W wielu miastach Niemiec w sobotę odbyły się tradycyjne marsze wielkanocne, których uczestnicy jak co roku apelowali o pokój na świecie. Tym razem w centrum uwagi znalazły się wojny w Strefie Gazy i na Ukrainie. Wzywano do rozejmu, negocjacji pokojowych i wstrzymania dostaw broni.
W całym kraju organizatorzy zgłosili około 70 wydarzeń. Większość pokojowych demonstracji przypadła na Wielką Sobotę, ale kolejne są planowane na Niedzielę Wielkanocną i Poniedziałek Wielkanocny - podaje portal tagesschau.
Postulaty tegorocznych marszów koncentrują się na rosyjskiej agresji przeciwko Ukrainie i na wojnie na Bliskim Wschodzie. Demonstranci wzywają również do rozbrojenia nuklearnego i krytykują rosnące wydatki na zbrojenia.
Demonstracja w Berlinie
Policja naliczyła w sobotę w Berlinie około 3500 uczestników. Wezwanie do demonstracji zostało poparte przez liczne grupy i organizacje.
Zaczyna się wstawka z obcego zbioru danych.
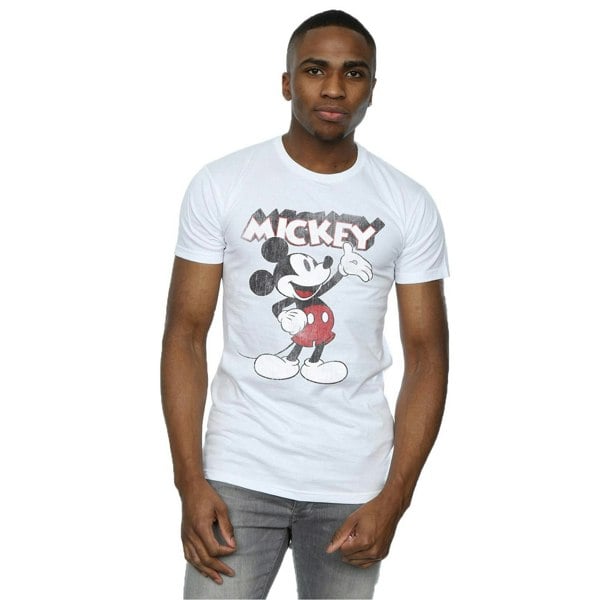 Disney Mens Mickey Mouse Presents T-Shirt - White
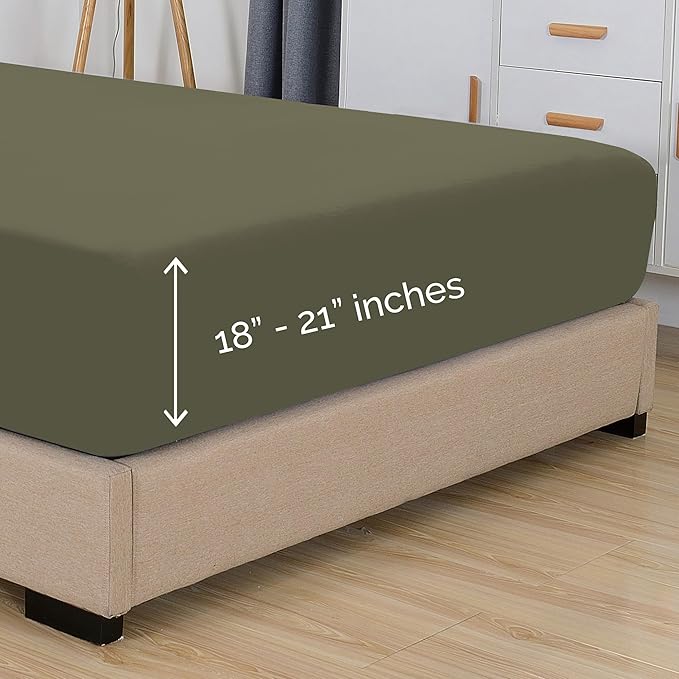 Elegant Comfort 1500 Premium Hotel Quality 18-21 Inches Deep - Extra Deep Pocket Single Fitted Sheet for High Mattress, Luxury and Softest, Smart Pocket - Wrinkle Free, Queen, Green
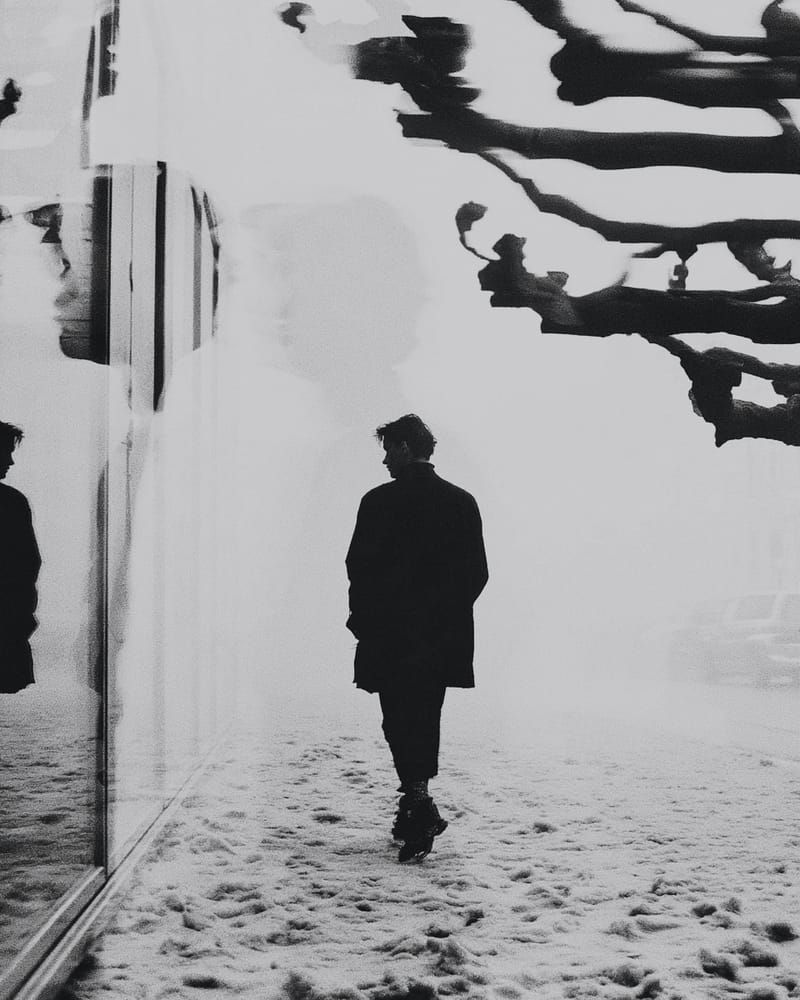 Grainy black-and-white image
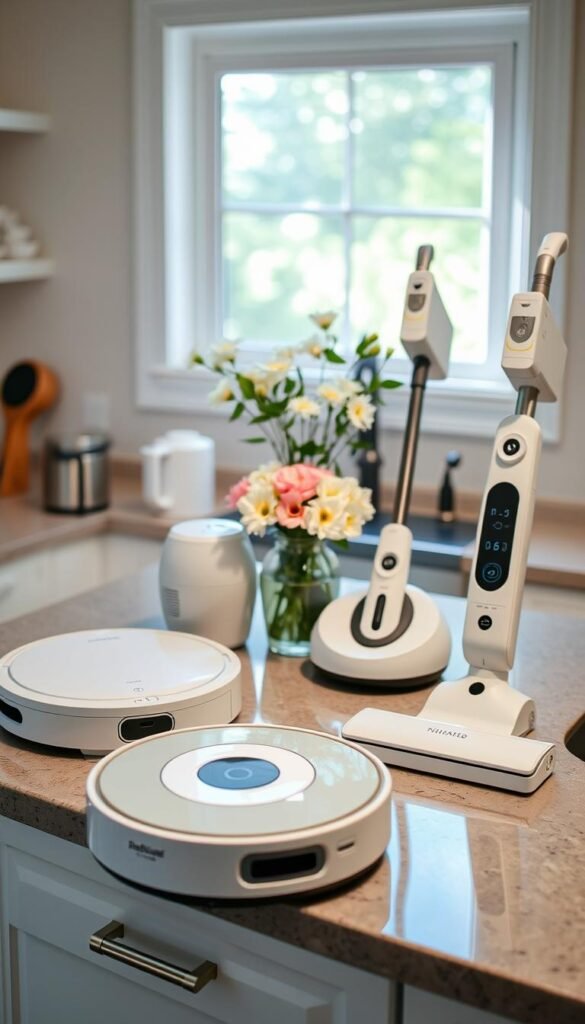 A beautifully organized kitchen countertop showcasing a range of modern cleaning devices from "GoodHomeFinds." In the foreground, a sleek robotic vacuum rests next to a compact steam mop, both in shades of white and soft pastels, reflecting a minimalist aesthetic. The middle ground features a stylish dish scrubber and a high-tech cordless handheld vacuum, artfully arranged among fresh flowers in a vase, emphasizing cleanliness and efficiency. In the background, soft natural light filters through a window, illuminating the scene and creating a warm, inviting atmosphere. The view is from a slightly elevated angle, capturing the essence of a simple, uncluttered tech routine, without making the space feel overcrowded or overly gadgety. The mood is fresh and tidy, perfect for inspiring readers.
Według agencji dpa kilku uczestników prezentowało hasła takie jak „Przyjaźń z Rosją - Viva Palaestina”, „Pokój z Rosją” i „Ludobójstwo w Gazie”. Oprócz symboli gołąbka pokoju można było zobaczyć flagi palestyńskie i rosyjskie.
Podczas kontrdemonstracji, zapowiadanej jako alternatywny marsz wielkanocny, sojusz ukraiński Vitsche wzywał do wspierania Ukrainy i solidarności z ofiarami rosyjskiej agresji.
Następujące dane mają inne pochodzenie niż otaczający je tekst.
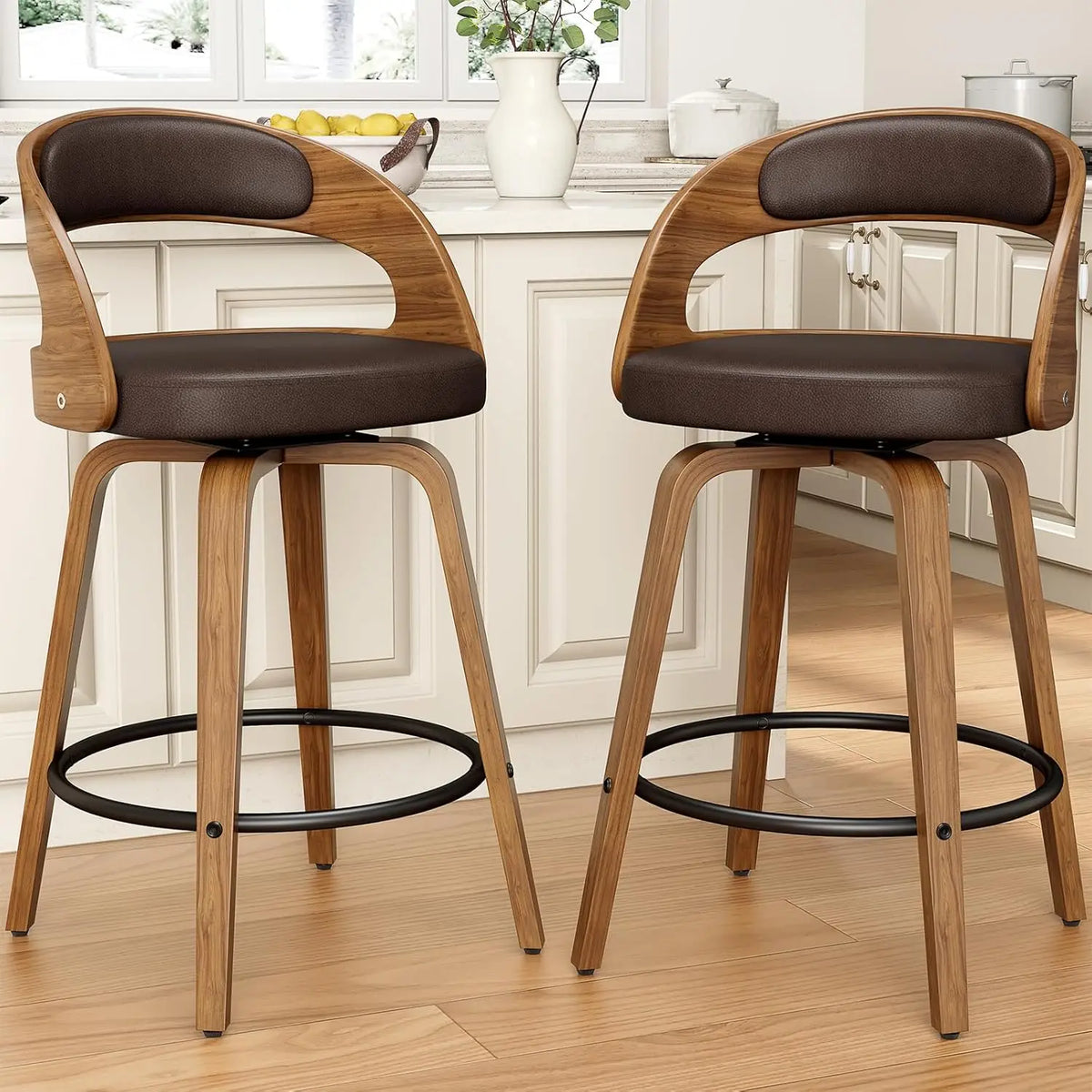 26in Bentwood Counter Stools Set 3 PU Leather Swivel Bar Chair with Back Footrest Kitchen Cafe Dining, Custom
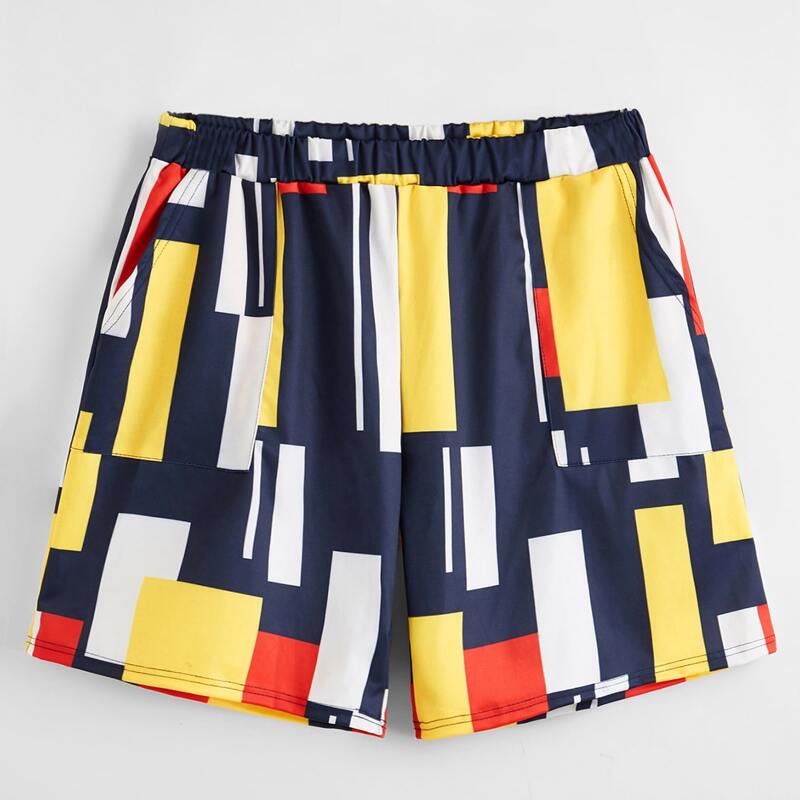 

Guys Geo Print Elastic Waist Shorts, Multicolor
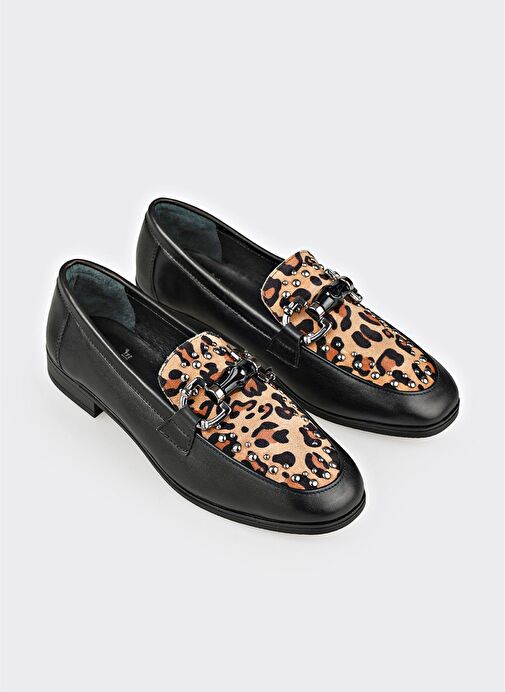 Siyah Deri Kadın Günlük Ayakkabı - Görsel 3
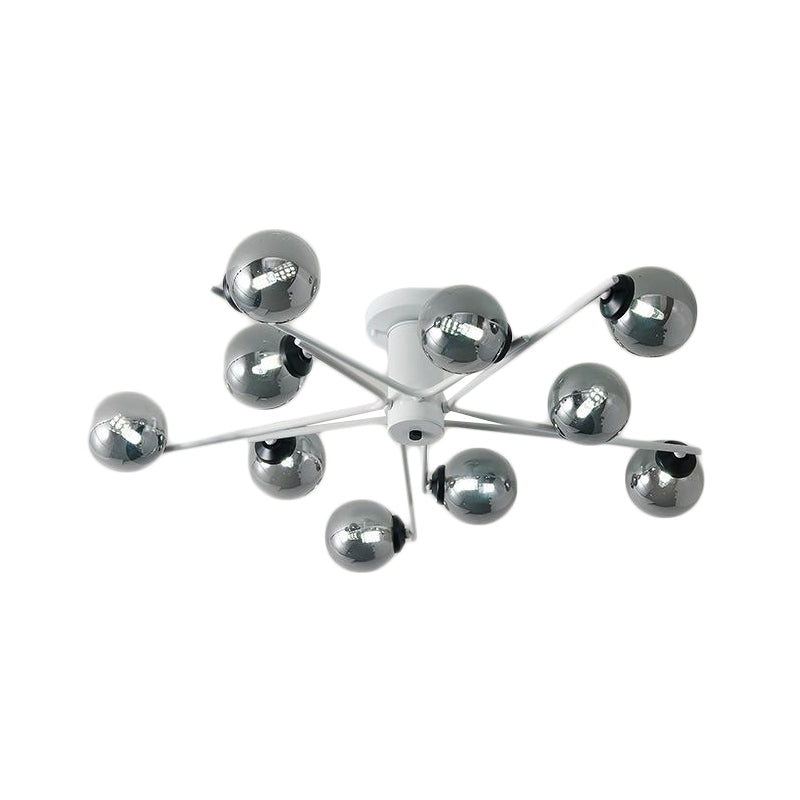 Sputnik Semi Flush Mount Silver Glass Ceiling Light Fixture - Modern Postmodern Design with 6/8/10 Lights for White Living Room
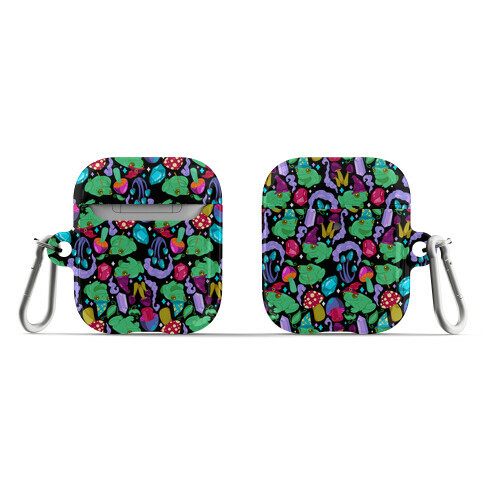 Magical Mushroom Frogs Pattern AirPod Case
Marsze wielkanocne odbyły się między innymi także w Stuttgarcie, Bremie, Kolonii i Monachium.
Tradycja pokojowych marszów wielkanocnych narodziła się w latach 50. XX wieku w Wielkiej Brytanii. Celem demonstracji było powstrzymanie zbrojeń atomowych. W Niemczech ruch wielkanocnych marszów pokojowych sięga początku lat 60. W latach 80. w marszach uczestniczyło co roku kilkaset tysięcy osób.